MEDITATIO MORTIS

Publicado el 27 de junio de 2025, 1:09

   Decía Spinoza que el hombre libre en nada piensa menos que en la muerte y que su meditación no es una meditación sobre ella, sino sobre la vida. Sin embargo, no hubo filósofo antes ni lo hubo después que no hiciera de la muerte supina materia de su reflexión. Ya los viejos griegos se denominaban a sí mismos los mortales, para diferenciarse en esa condición de la melancólica existencia sin fin de los dioses inmortales. Morir, dormir, tal vez… y en este tal vez del poeta se encierra una de las posibilidades existenciales fantaseadas por el ser humano, que la vida no concluya aquí entera, que todo cuanto hicimos no sea para la nada. Ningún otro animal sabe que ha de morir, aunque muera; ninguno ha fantaseado nunca con su supervivencia más allá de la limitada vida mortal que padece. Sólo el hombre ha esperado, sólo en él late la esperanza.

    Pero la muerte le acosa y la constancia de su continua presencia le lleva a vivir de un modo diferente; vida que se mueve en el arco que tendemos entre la desesperación y la resignada anuencia del hecho desnudo o la fe confiada en otra vida. Nada importa más al humano que la muerte de los seres queridos, ni siquiera la propia. Es ahí, en el nunca más casi eterno que se extiende en el limitado tiempo de nuestra existencia donde nos encontramos con el morir como despedida definitiva de aquellos a quienes amamos, y, en ocasiones, con la sensación culposa de no haber hecho todo cuanto se debía, ya sea porque no los amamos lo suficiente o porque, amándolos, no encontramos el momento de hacérselo saber, dando por supuesto que habría tiempo de sobra para hacerlo algún día; porque todos pensamos que tiempo habrá suficiente. Y de todo lo que traemos entre manos en el cotidiano bregar, es del tiempo de lo que menos disponemos. Nadie sabe cuánto habrá de vivir ni cuando la muerte reclamará su diezmo a la vida, ya sea a la propia o a la de otros.
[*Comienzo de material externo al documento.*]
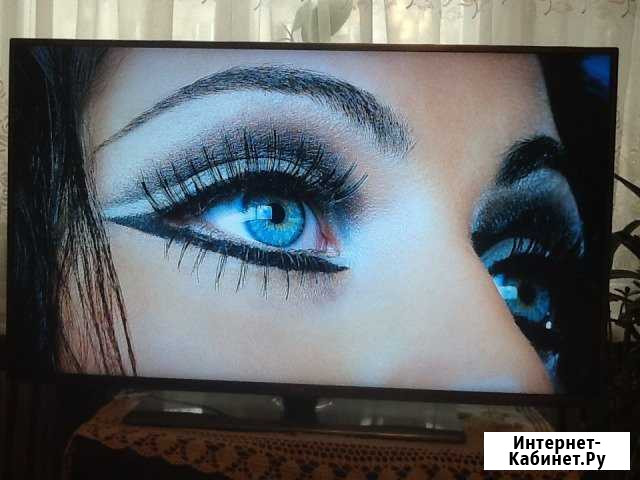 Телевизор 106 см LG Саратов - изображение 1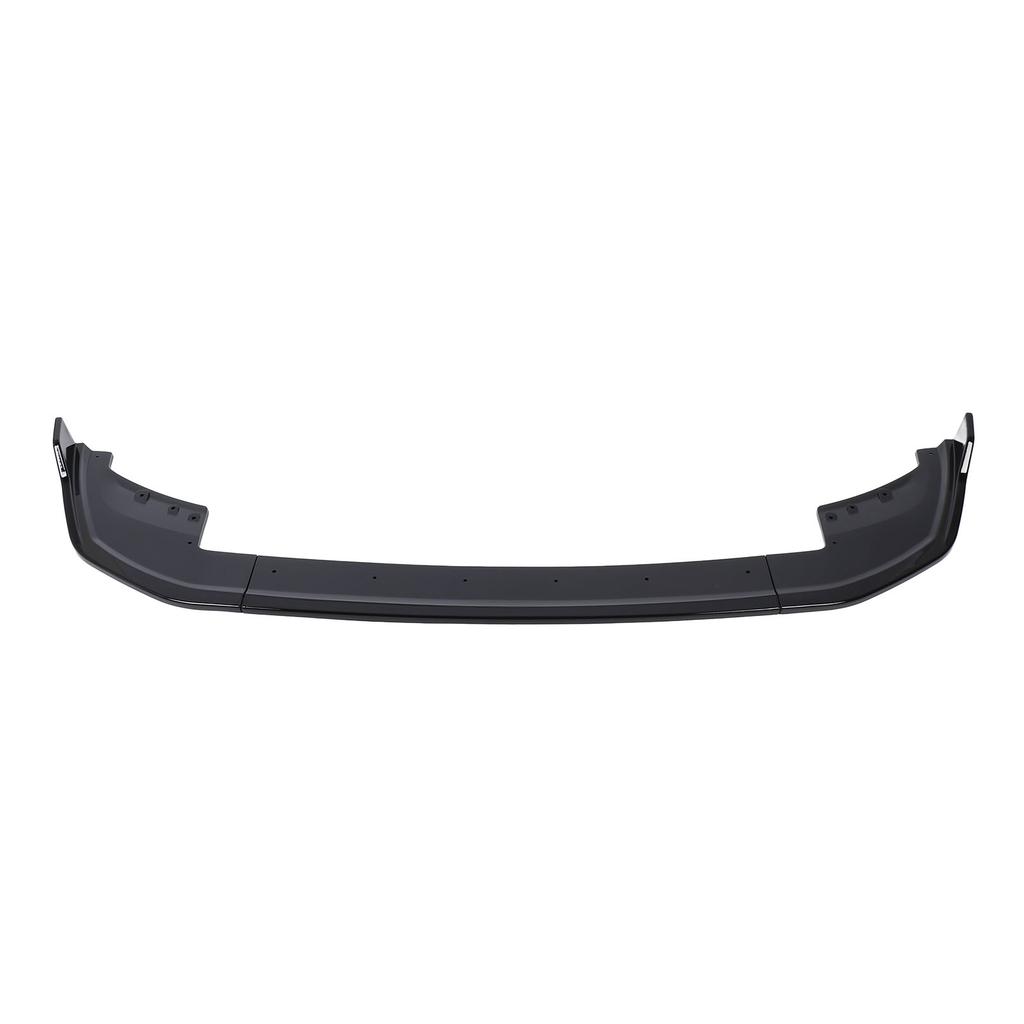 Front Bumper Lip Spoiler 3 Parts Improved Stability Enhanced Aesthetics ABS for X2   M Sport 2023 Onwards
Es la muerte la que nos exige vivir al día, vivir cada momento con idéntica intensidad porque sabemos que habrá de desaparecer en el siguiente instante.

    Vivir conscientes de ello le da a la existencia una cualidad diferente, que ningún animal que se limita a existir sospecha. La muerte como horizonte definitivo, lacerante, descanso y olvido a un tiempo. Cuando uno muere, un universo entero se cierra y apaga, y el mundo se empobrece. Ya no está, y ya nunca estará. Y este nunca lo pronuncia alguien que tampoco recorrerá el infinito tiempo sino otro lapso limitado. Un nunca, pues, repleto de relativismo, pues sólo nos indica que, para aquel que habla o piensa, aún le resta algo de tiempo, unas migajas quizás, de toda la eternidad.

    Lo doloroso, pues, no es la muerte propia, acaso porque tenía razón Epicuro cuando señalaba que cuando ella esté a nuestro lado, seremos nosotros los que ya estaremos lejos. Pues nadie tiene la experiencia del morir, por ser éste la cesación de cualquier experiencia. Nada, pues, nos quitará la muerte, porque de nada nos sentiremos arrebatados. Sin embargo, la muerte duele cuando, estando próximos siempre a ella, no nos toca a nosotros, sino a otros, cercanos y familiares. Cuando somos dolientes testigos de la muerte de otros.

   Hay que estar preparados, nos recuerda Montaigne, hay que ser previsores. No podemos vivir con miedo a la muerte, pero aún menos se vive humanamente desde la inconsciencia de quien cree que a cada mañana le seguirá inexorablemente otra, porque habrá algún amanecer que no veamos.

   La reflexión sobre la muerte es, pues, en el fondo, una vívida meditación sobre la vida y su valor. La muerte hace que este tiempo por el que transitamos sea valioso, insustituible e irrecuperable. Aprovecharlo con intensidad es el único mandamiento que no debemos olvidar. No hay otro carpen diem más apasionado que el que deriva de la certidumbre de que hemos de morir.

   Debemos recordar las palabras del filósofo de Samos, quien nos advertía que, a causa de la muerte, vivimos en una ciudad sin muros, a la intemperie. Así, pensar en la muerte nos hace, sin duda, libres. Como dejó escrito el judío sefardí: “aceptar la necesidad es libertad”.